» Work order
Would you please retype, exactly, the lines of the listing below between the line with "Gabor Rollingsoft Sandalen" and the line with "OEM 2013 Volkswagen", inclusive?

» Listed entries
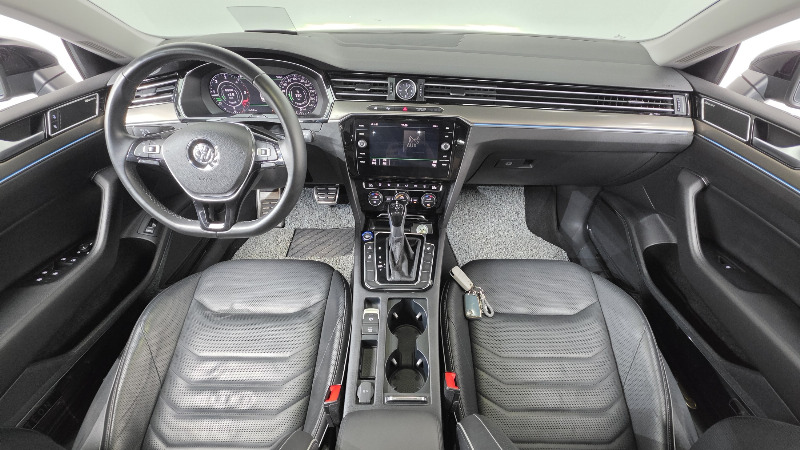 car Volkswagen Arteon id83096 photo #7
--
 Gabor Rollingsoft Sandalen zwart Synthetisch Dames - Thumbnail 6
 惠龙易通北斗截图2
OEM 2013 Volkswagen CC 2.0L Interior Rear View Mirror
* * *
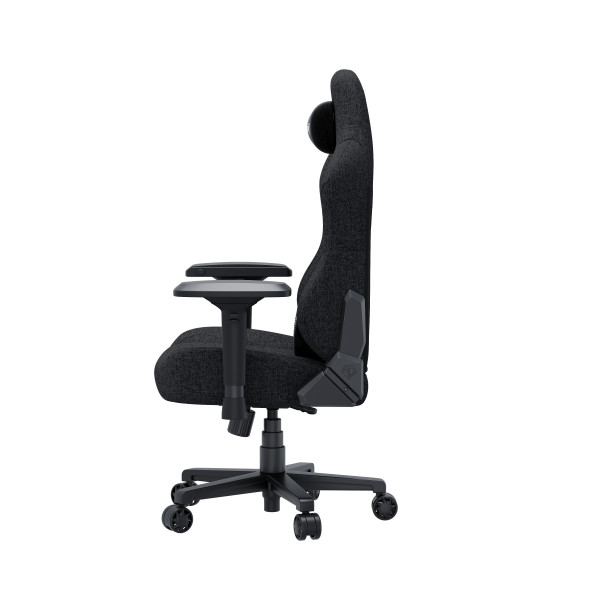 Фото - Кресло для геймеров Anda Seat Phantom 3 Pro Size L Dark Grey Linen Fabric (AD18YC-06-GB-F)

» Solved exercise
 Gabor Rollingsoft Sandalen zwart Synthetisch Dames - Thumbnail 6
 惠龙易通北斗截图2
OEM 2013 Volkswagen CC 2.0L Interior Rear View Mirror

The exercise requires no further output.